Required work
From the first line to the last, output the records exactly and drop any images.

Items from a data source:
--- START ---

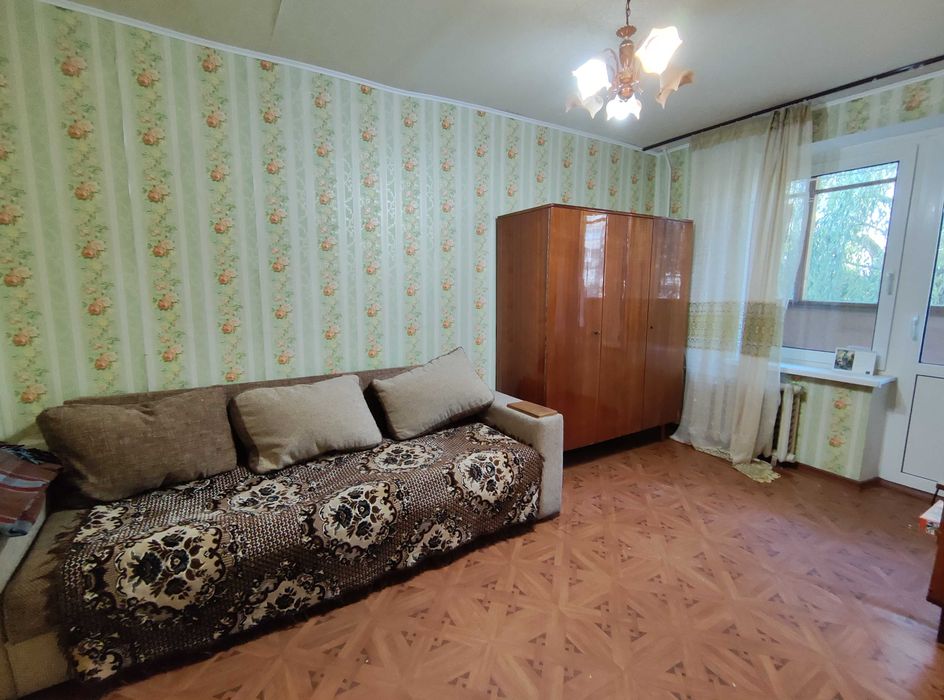 Без комісій. Продаж 1к квартири біля метро Нивки 28м2. Газ. 5/9 поверх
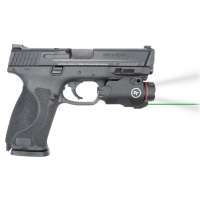 Crimson Trace CMR-207 Rail Master Pro Laser and Tactical Sight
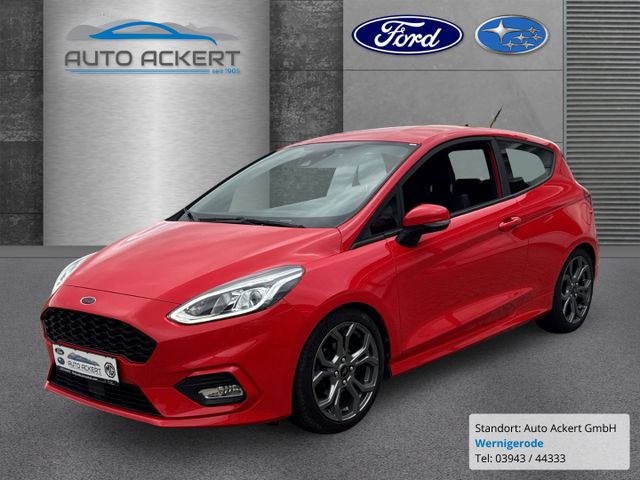 Ford Fiesta ST-Line 1.0 EcoBoost EU6d Klima RCD ZV 3t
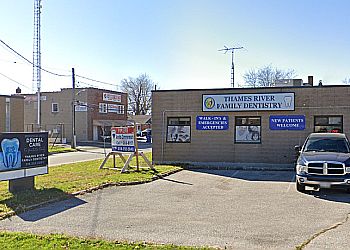 Chatham Dentistes Dr. Rohit James - THAMES RIVER FAMILY DENTISTRY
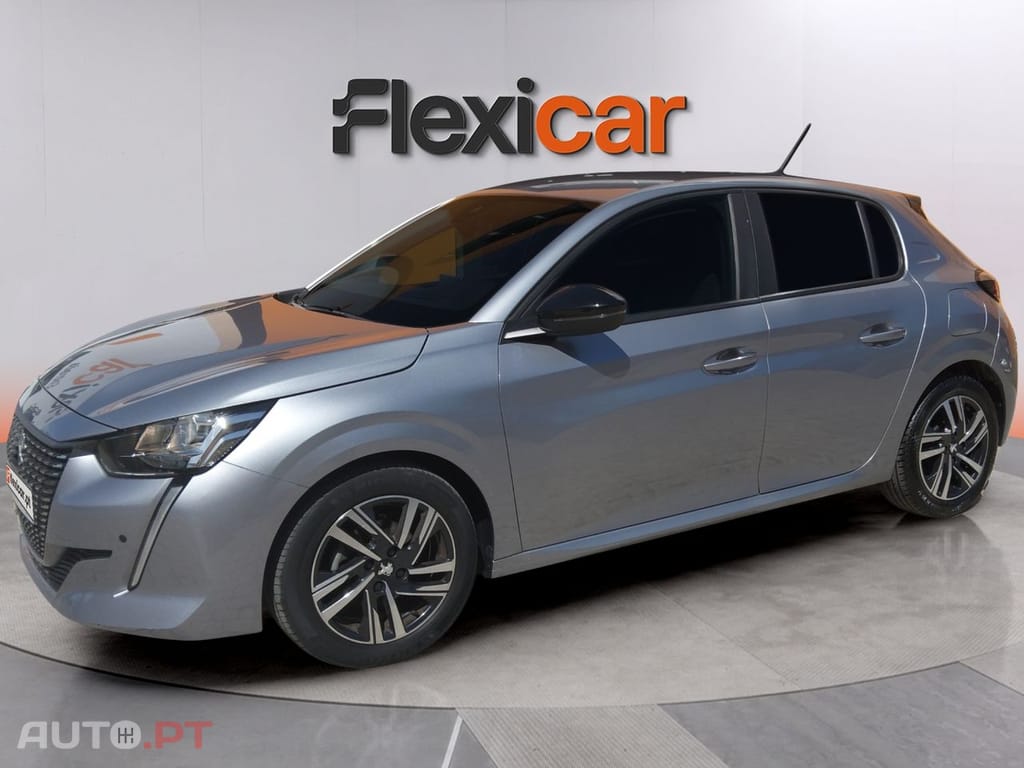 Peugeot 208 1.2 PureTech Allure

--- END ---

Answer to the exercise
 Без комісій. Продаж 1к квартири біля метро Нивки 28м2. Газ. 5/9 поверх
 Crimson Trace CMR-207 Rail Master Pro Laser and Tactical Sight
 Ford Fiesta ST-Line 1.0 EcoBoost EU6d Klima RCD ZV 3t
 Chatham Dentistes Dr. Rohit James - THAMES RIVER FAMILY DENTISTRY
 Peugeot 208 1.2 PureTech Allure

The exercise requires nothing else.